Well, sounds like a nice improvement
I'd say that when the viewport shows a polygon as clearly black, it's best to flip the normal rather than ask the renderer to put a bandaid on it. And instead of messing around with smoothing angles, I'd try subdivision.
Sending better geometry to a renderer is like getting a clear recording in a proper environment as compared to a garage source you need to run through FFT noise reduction first.
What I told you is that no matter how far you move either slider, 3Delight will always render the limit surface. Limit surface is the analytical "maximum" smoothness. Not "level 1". Levels are for tesselated meshes. 3Delight renders subdivision surfaces using something like this: https://citeseerx.ist.psu.edu/viewdoc/summary?doi=10.1.1.20.7798
You could say there is "one" subdivision level in 3Delight - but it's the highest imaginable one.
The viewport will show a lower subdivision.
For instance, with HD morphs, you need a higher viewport sub-d to match the detail 3Delight gives you at "simply subdivision enabled". I needed an exact vascularity preview once, which took a "level 3" viewport at least.
Cat* subdivisions are both rendered as actual subdivision surfaces. Loop and bilinear - I just checked again, and they are still rendered as mesh, no change. So with loop and bilin, there _will_ be a difference in render when you change the render level slider (HD morphs only work properly with Catmark anyway, plus loop and bilin have quite limited usefulness for props as well).

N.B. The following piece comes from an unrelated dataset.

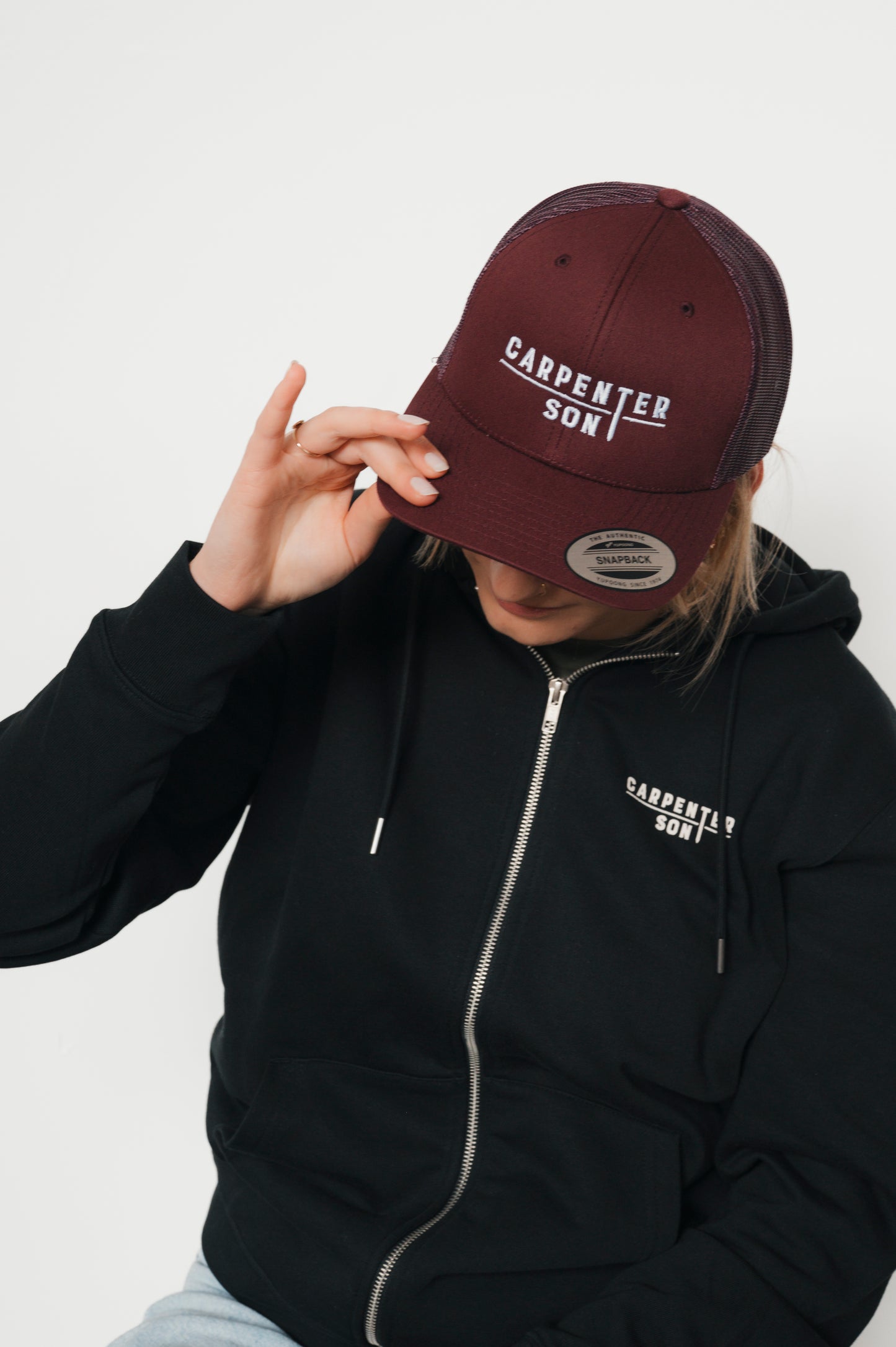 Retro TRUCKER CAP burgundy ORIGINAL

And again, DS has the geometry tool, and it's "the" tool for salvaging content at the highest possible quality. Not only can you flip normals, you can split material zones and assign subdivision weight to edges and/or vertices.
If you have geometry that needs rounder edges, for example, and does not fall apart under a Cat* but gets all puffed out and too rounded, a quick fix is to run "select all edges" and assign a mid-range weight (around 5). The "proper" way, of course, is to isolate the edges required for the shape and only weigh them, but that's often too clunky because however nice the geometry tool may be (it does have loop selection, for instance), it's still not what you get in a modeling app.
Catmark vs Catmull-Clark, for props it depends on the model.
A platinum club freebie, maybe?
Tks Mustakettu, a lot of things I had no idea about. Will eventually have to study all the keyphrases in the link;) Hmm...DS is an amazing piece of free software and if documentation was just a little easier to access ... nah it's me being lazy
Something I'm working on...this was rendered with the 1.2 build a while back.
Made a testscene to see if it's even possible to get a clean render using only one lightsource in a fully enclosed environment, and at the same time testing the adaptive sampling.
So a primitive cube with inverted normals, a light disc with the PTarea light shader. Lightspread angle is set to 45, so only the ceiling is getting hit by direct light. The light disc is visible to the camera but casts no shadows. Progressive 8x8 renders.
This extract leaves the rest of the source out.